Learning Path: Diving into Kafka Basics
This blog post documents my intentions for learning Kafka, my first steps in the Kafka world, and the starting point for my future Kafka endeavors.
Why Kafka?
More and more data is produced every year, much of it being event-driven. Whether it’s clicks on a website or sensor data from a machine, Kafka is a useful tool to have under one’s belt. Since I have a personal use case for it (which might be overkill), I figured I should at least take a look and deploy it in my local environment.
Currently, I have a few smart sockets that track the energy usage of certain devices in my home, as well as the energy production of my solar panel. Additionally, I plan to deploy multiple Moisture Sensor Stations to monitor the soil of most of the plants in my apartment.

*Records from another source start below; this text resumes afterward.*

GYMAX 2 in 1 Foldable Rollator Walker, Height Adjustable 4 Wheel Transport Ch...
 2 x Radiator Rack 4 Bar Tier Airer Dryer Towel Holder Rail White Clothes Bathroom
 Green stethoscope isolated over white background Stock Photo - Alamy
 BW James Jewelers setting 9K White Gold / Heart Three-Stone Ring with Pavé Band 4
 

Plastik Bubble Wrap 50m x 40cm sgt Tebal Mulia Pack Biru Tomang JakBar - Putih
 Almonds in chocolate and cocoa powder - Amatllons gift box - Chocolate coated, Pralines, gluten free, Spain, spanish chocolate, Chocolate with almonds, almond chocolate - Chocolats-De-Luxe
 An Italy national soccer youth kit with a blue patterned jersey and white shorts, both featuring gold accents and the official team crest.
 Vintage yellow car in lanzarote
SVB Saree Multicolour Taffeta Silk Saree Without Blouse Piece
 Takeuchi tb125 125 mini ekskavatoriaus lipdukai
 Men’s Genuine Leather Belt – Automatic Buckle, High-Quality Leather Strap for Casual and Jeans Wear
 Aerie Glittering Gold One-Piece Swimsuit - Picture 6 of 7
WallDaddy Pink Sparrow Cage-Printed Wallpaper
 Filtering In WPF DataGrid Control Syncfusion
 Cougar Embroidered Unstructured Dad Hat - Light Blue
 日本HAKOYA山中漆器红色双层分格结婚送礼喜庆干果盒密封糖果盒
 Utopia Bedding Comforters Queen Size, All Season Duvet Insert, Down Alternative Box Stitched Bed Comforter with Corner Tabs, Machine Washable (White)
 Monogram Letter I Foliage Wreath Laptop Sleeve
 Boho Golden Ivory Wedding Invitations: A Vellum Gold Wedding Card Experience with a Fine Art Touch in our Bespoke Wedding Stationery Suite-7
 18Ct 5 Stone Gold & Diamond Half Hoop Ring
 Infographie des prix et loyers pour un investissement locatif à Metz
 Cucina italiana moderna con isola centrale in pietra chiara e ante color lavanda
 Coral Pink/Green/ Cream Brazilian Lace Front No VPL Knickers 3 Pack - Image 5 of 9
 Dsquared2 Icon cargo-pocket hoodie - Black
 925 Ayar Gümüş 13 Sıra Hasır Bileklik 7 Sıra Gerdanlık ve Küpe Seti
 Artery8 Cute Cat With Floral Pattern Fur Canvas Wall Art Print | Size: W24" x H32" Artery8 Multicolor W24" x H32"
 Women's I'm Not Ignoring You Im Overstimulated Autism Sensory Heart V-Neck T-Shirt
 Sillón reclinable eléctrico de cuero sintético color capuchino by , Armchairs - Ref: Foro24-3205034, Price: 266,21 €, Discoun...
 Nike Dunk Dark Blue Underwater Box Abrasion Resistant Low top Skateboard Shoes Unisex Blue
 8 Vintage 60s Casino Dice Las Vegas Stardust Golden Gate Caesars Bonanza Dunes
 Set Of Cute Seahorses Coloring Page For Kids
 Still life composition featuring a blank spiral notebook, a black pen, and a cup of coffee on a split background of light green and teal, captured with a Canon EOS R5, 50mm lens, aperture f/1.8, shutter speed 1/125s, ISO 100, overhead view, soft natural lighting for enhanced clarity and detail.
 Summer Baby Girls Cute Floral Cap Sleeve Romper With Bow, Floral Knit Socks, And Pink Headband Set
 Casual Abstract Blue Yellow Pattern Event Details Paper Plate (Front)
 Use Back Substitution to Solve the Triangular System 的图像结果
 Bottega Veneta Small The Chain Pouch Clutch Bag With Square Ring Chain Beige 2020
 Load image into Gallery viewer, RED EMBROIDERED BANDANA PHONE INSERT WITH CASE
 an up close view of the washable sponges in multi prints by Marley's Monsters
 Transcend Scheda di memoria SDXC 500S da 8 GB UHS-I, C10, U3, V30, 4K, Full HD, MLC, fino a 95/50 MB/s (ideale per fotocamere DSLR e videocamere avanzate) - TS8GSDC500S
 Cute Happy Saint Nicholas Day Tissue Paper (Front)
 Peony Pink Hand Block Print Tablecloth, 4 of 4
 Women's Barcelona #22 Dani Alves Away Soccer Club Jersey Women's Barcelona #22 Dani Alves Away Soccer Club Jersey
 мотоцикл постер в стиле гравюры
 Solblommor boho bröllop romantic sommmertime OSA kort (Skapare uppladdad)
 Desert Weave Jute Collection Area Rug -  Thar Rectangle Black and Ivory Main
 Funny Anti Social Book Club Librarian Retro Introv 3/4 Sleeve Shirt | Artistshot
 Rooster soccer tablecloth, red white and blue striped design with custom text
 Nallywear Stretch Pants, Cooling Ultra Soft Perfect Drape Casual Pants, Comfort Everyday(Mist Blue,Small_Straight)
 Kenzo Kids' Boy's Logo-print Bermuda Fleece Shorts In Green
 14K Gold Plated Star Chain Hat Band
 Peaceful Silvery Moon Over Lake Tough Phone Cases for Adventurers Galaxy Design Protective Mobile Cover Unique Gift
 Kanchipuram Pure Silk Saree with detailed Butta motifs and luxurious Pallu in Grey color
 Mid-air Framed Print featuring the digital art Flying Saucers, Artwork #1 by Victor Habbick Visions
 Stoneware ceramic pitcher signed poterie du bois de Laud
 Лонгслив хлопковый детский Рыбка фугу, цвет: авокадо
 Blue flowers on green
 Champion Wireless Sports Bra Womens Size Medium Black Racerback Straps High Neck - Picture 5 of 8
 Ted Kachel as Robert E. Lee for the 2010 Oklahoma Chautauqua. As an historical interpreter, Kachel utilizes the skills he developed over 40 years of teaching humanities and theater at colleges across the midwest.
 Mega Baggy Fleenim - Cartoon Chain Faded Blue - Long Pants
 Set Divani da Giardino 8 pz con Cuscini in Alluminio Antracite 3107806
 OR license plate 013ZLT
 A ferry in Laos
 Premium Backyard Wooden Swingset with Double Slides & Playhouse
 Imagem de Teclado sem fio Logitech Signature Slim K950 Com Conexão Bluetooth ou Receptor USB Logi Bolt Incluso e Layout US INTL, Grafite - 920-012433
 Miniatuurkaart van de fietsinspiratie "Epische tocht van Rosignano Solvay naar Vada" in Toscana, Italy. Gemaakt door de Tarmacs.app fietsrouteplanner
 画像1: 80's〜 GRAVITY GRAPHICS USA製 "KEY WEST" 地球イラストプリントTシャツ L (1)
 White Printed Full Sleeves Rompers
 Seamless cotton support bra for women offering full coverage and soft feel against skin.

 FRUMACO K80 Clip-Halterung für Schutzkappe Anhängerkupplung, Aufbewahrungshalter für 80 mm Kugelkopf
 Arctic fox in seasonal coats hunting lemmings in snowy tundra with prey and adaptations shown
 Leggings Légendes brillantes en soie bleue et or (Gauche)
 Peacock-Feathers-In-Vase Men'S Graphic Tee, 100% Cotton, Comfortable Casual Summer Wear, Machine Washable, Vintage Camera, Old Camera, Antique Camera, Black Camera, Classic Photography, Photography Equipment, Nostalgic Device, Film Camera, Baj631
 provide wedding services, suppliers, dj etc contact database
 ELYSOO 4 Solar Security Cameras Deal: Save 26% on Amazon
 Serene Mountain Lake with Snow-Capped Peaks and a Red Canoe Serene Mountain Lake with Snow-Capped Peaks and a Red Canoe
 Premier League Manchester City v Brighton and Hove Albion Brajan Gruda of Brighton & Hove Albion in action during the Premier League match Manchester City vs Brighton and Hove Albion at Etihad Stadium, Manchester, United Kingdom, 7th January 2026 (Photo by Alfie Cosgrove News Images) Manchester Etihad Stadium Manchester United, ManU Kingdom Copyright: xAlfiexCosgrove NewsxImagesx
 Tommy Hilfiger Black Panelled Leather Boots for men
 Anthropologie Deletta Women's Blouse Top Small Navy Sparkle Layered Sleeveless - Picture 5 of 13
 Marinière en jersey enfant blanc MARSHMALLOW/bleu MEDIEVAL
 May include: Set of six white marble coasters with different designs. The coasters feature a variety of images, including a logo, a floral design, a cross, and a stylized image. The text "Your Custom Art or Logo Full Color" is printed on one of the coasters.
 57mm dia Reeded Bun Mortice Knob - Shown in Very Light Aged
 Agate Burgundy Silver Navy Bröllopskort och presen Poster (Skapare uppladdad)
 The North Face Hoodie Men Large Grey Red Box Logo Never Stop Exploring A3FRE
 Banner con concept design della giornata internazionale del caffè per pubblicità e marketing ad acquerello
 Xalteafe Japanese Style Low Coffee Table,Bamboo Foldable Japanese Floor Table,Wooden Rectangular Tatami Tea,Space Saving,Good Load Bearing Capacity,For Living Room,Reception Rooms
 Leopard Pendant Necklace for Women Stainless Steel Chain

The sockets’ firmware makes it easy to publish their data via MQTT to my broker, as will the Sensor Stations, for now.
My ultimate goal is to build a streamlined data pipeline:
Sensor → MQTT broker → Kafka → Event-stream database → Dashboard. *influxdb and Grafana are currently placeholder
Step 1: exploring kafka’s basics
i started my journey on the apache kafka website. it presented some marketing “blabla,” but i also got my first understanding of what kafka is:
“…an open-source distributed event streaming platform…”
…and what it’s used for:
“…high-performance data pipelines, streaming analytics, data integration…”[^1].
i learned about kafka’s core capabilities:
- high throughput
- scalability
- permanent storage
- high availability
and its key features:
- guaranteed ordering
- zero message loss
- efficient exactly-once processing
additionally, kafka includes built-in stream processing and a “connect interface” that integrates with many other systems out of the box. it also supports a wide range of programming languages and has a large ecosystem of open-source tools, driven by an extensive user community.
Step 2: diving into the documentation
next, i continued my journey by reading the documentation, which gave me a basic understanding of kafka’s terms and workings.
To my surprise, the documentation focused on three core “capabilities” of Kafka as a streaming platform, which differed from those on the starting page. this time, the focus was on:
- Publishing and subscribing to streams of events
- Storing these streams in a durable and reliable way
- Real-time and retrospective processing
All of this was described as being distributed, highly scalable, elastic, fault-tolerant, and secure.
I found this to be a broader and more holistic view of Kafka. The article clearly defined the main concepts and terminologies of Kafka, and how everything works together. Here’s a list of those concepts:
- Server
- Clients
- Events
- Topics
- Producer
- Consumer
Here’s a TL;DR of the documentation. In a Kafka context:
- Servers run Kafka Broker in their storage layer and Kafka Connect as an integration layer between Kafka Broker and Clients.
- Kafka Brokers handle the management of Topics, under which Events are stored.
- Clients can either produce or consume Events, acting as Data Sources or Data Sinks, respectively. They either write to or read from a Topic.
I skipped the “Use Cases” section since I already knew what I wanted to use Kafka for, and dived straight into the Quick Start guide.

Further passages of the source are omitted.